Con más del 40 % del escrutinio realizado en Hungría, Víktor Orbán mantiene su hegemonía sobre la derecha del país. El primer ministro y líder de la coalición de gobierno Fidesz-KDNP puede respirar tranquilo: con el 44 % de los votos y 11 escaños pierde fuerza, pero se mantiene a una distancia segura de TISZA, el partido populista de Péter Magyar, exmilitante de Fidesz, que se ha quedado en un 31 % y 7 asientos en el Parlamento Europeo. Este outsider de la política y los suyos se sentarán junto con el Partido Popular Europeo.

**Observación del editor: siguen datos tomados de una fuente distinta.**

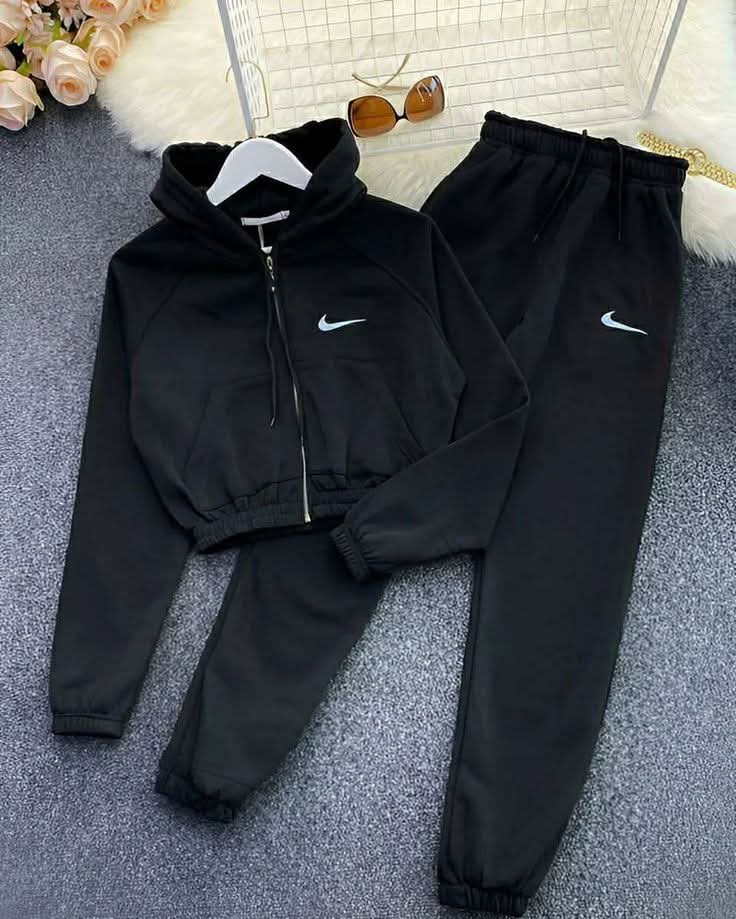 NK Women’s Tracksuit - Grey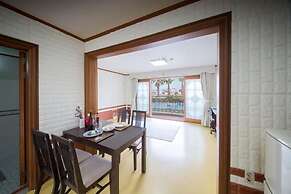 Seogwipo Jejuhae-anhyuyang Pension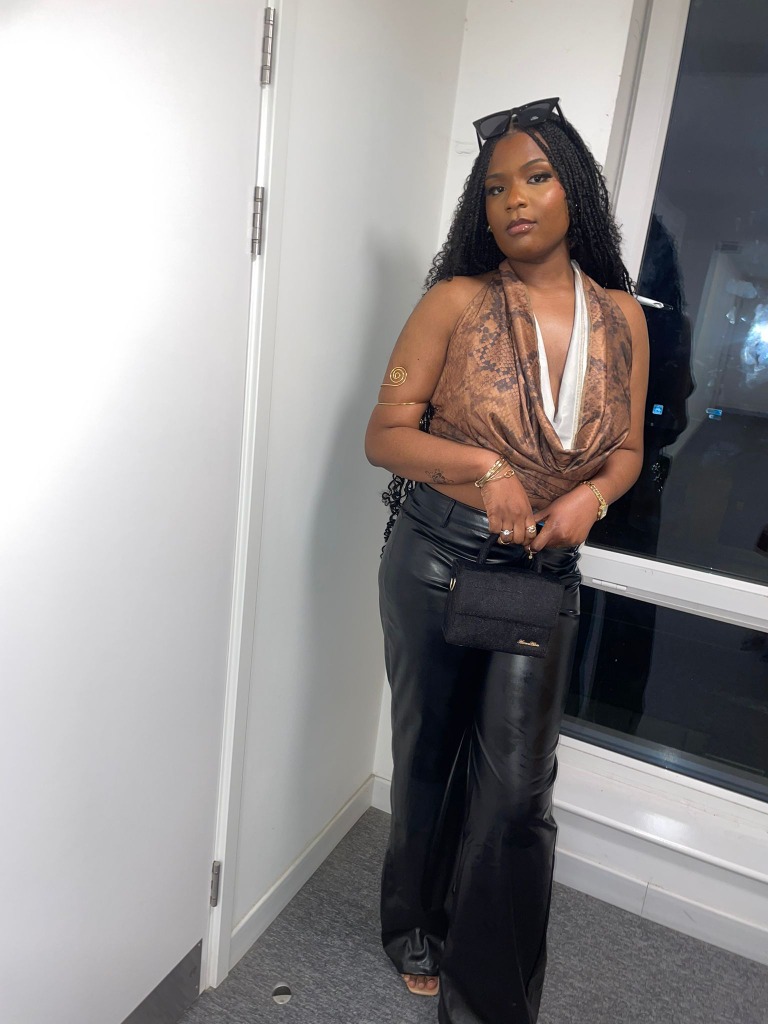 The Velvet — Burgundy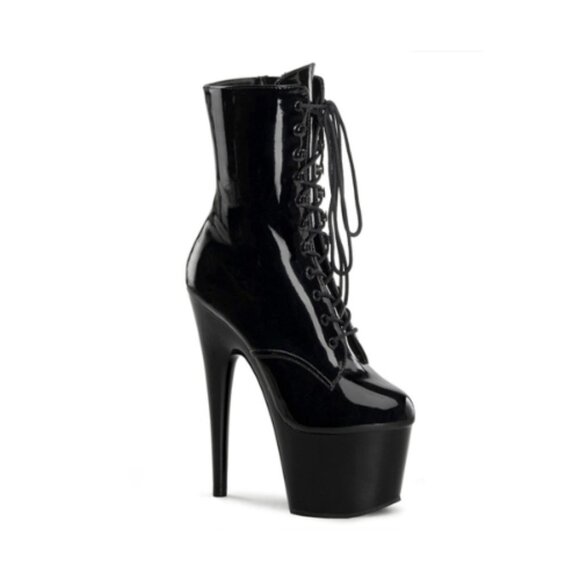 Lace-up Front Ankle Boots Black Size 10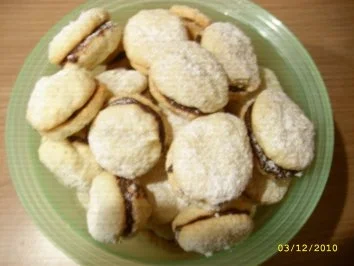 Rezept: Mandel-Busserl Mandel-Busserl - Rezept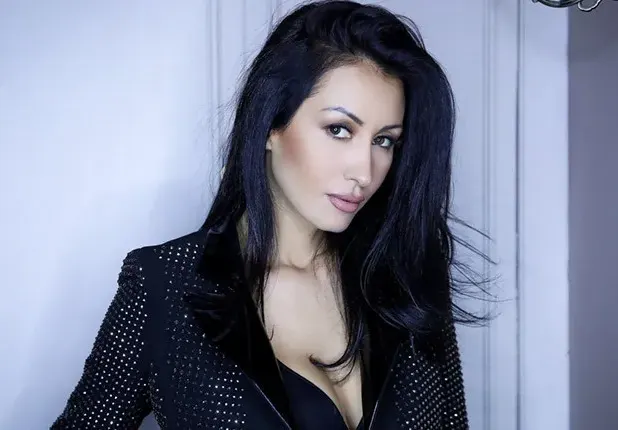 Решено! Джена слиза от сцената!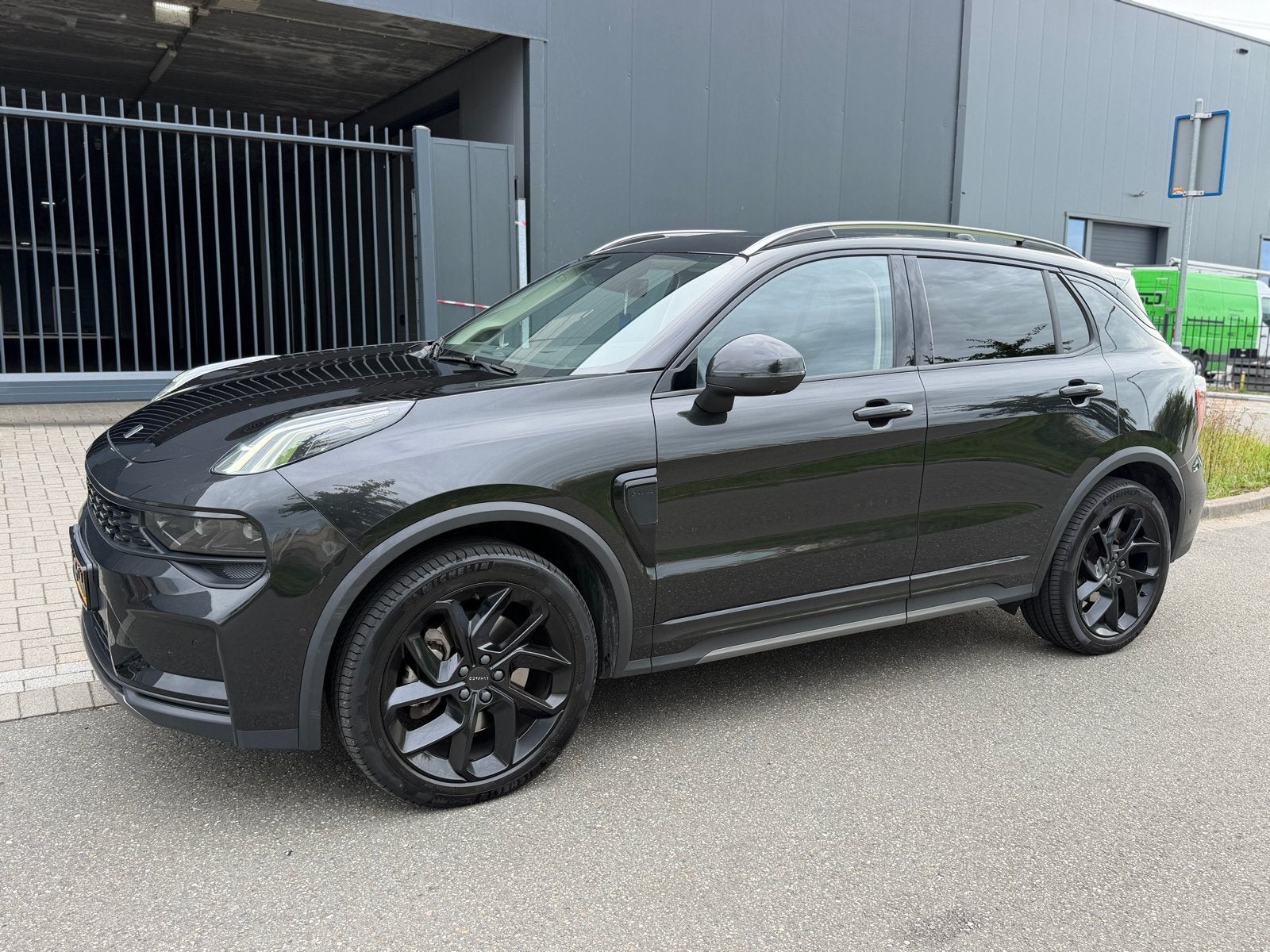 Lynk & Co 01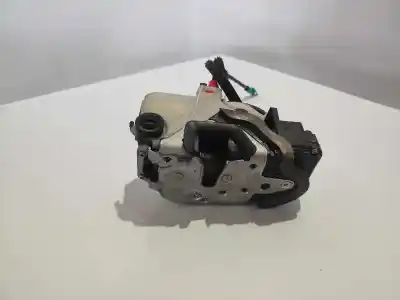 Pezzo di ricambio per auto di seconda mano serratura porta posteriore destra per opel zafira (c) innovation start/stop riferimenti oem iam 3023880rh2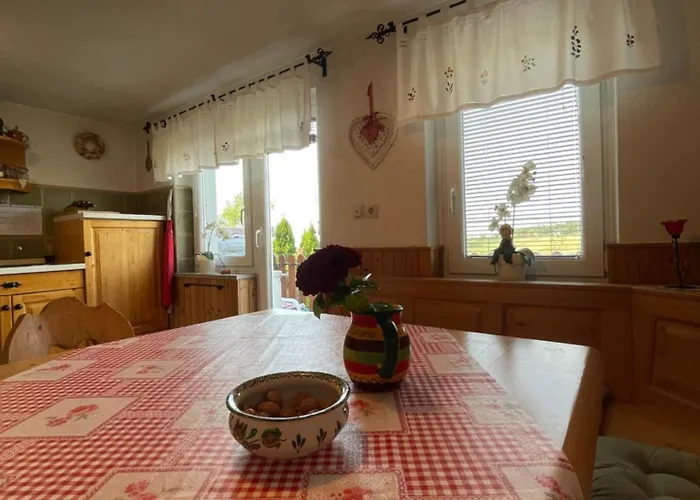 Cosy Country Home, レンダヴァ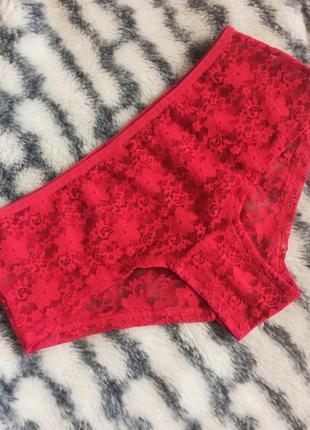 Очень красивые кружевные трусики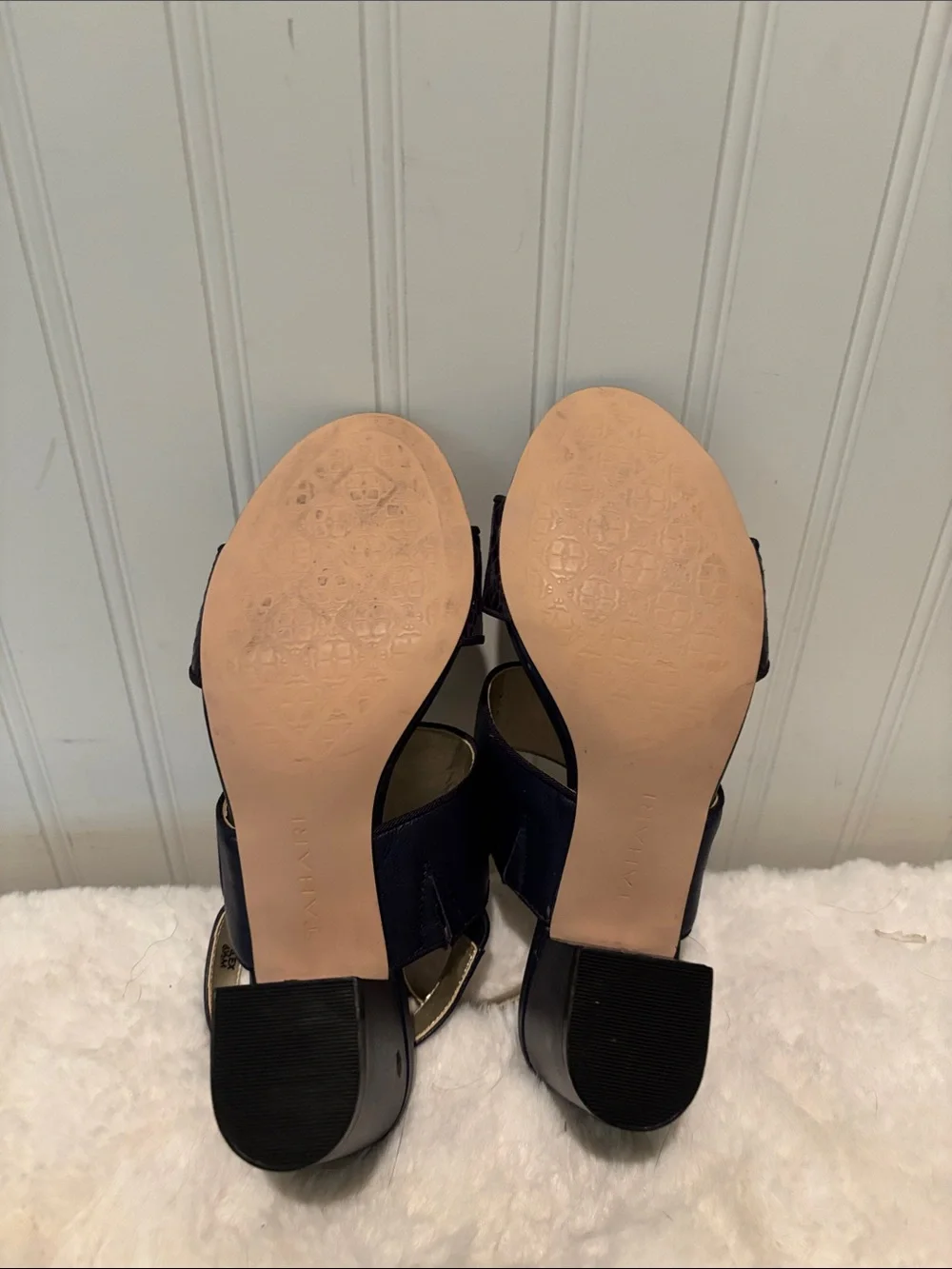 Tahari Alex Navy Leather Sandals Size 6.5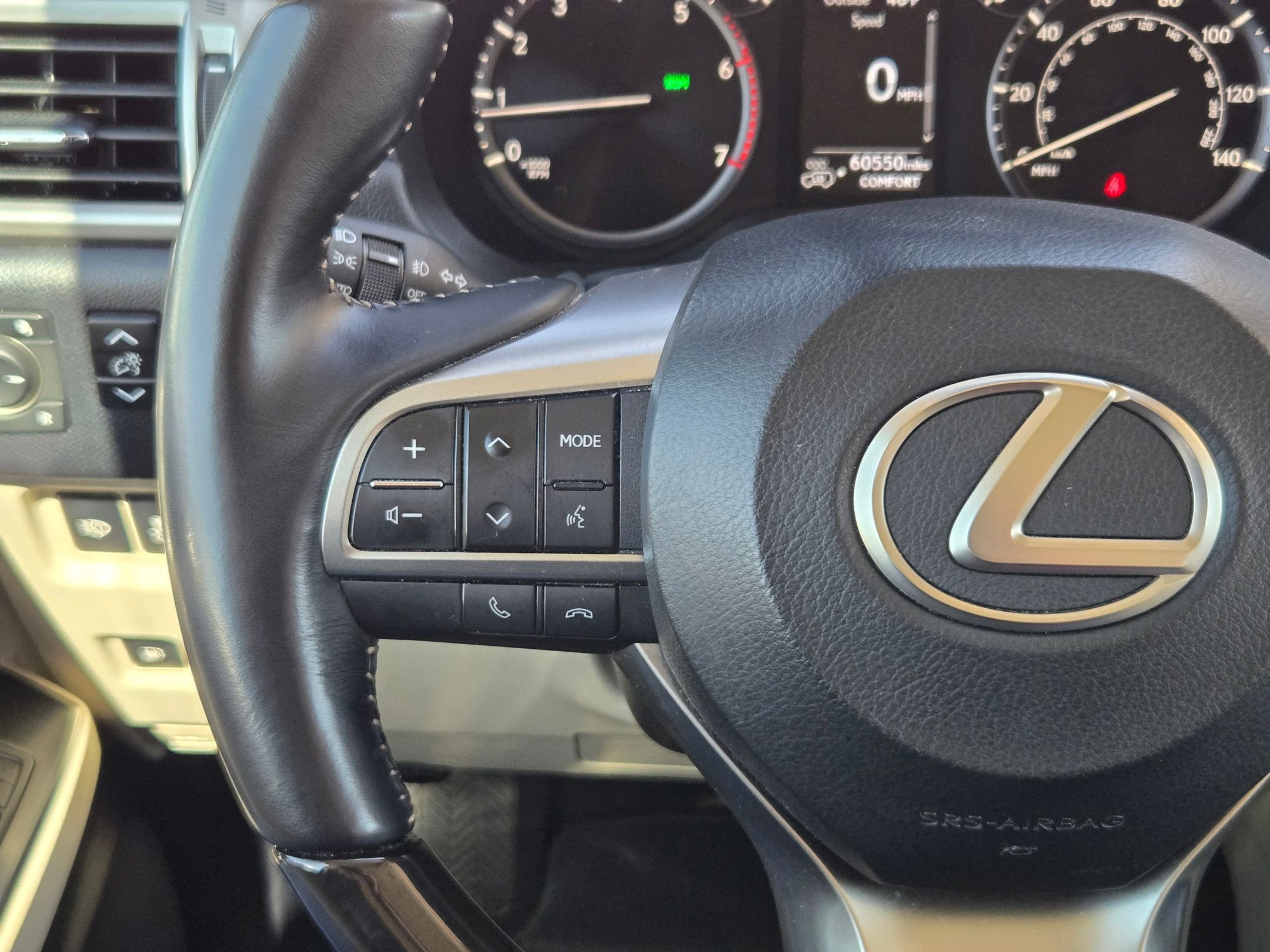 Used 2023 Lexus GX 460 Luxury image 24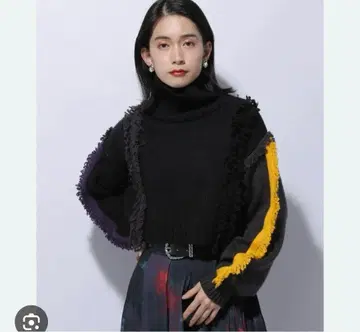 HARE 프린지 하이쇼크 니트 블랙 하이넥 짧은 기장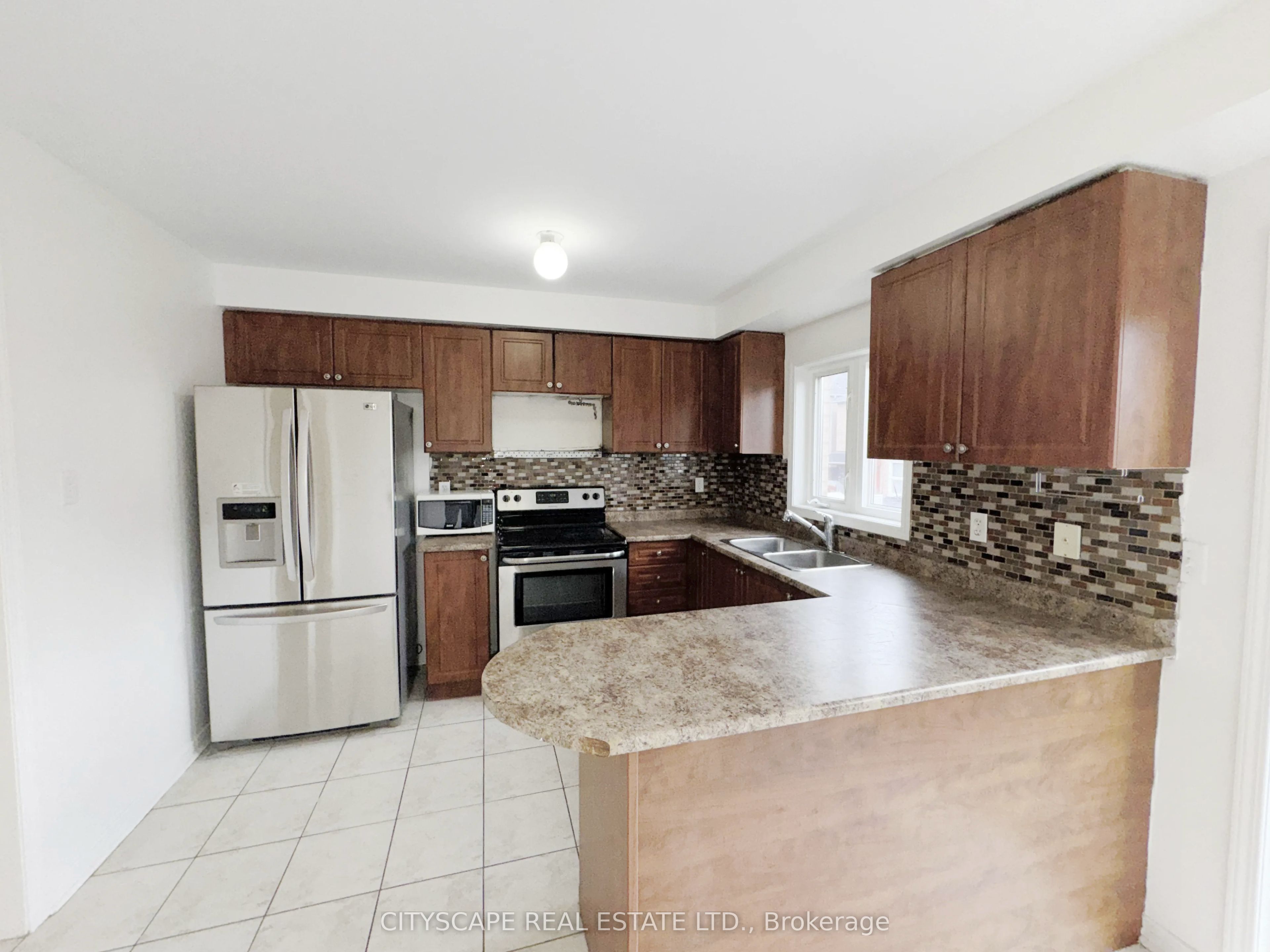 Listing 12547 Image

Allí se encontrarán a un número indeterminado de miembros del KDNP, mientras que el resto de la coalición —los integrantes de Fidesz— se unirán a los no inscritos, aunque se espera que acaben engrosando las filas de los Conservadores y Reformistas.
Decenas de puntos porcentuales por detrás quedan la agrupación de izquierdas y ecologista liderada por Coalición Democrática y los ultraderechistas de Movimiento Nuestra Patria. El primero obtiene dos escaños, previsiblemente para repartir entre la Alianza de Socialistas y Demócratas por Europa y Los Verdes, mientras que el segundo se sentará junto a los de Orbán en la zona de no alineados.
Orbán celebra su victoria tras una campaña marcada por su oposición a una escalada bélica en Ucrania. “Los occidentales quieren la guerra, nosotros no”, declara en una entrevista reciente, aunque sus críticos ven su postura más prorrusa que pacifista. Péter Magyar ha considerado positivamente la participación y se ha negado a hacer declaraciones hasta que el escrutinio llegue al 100 %.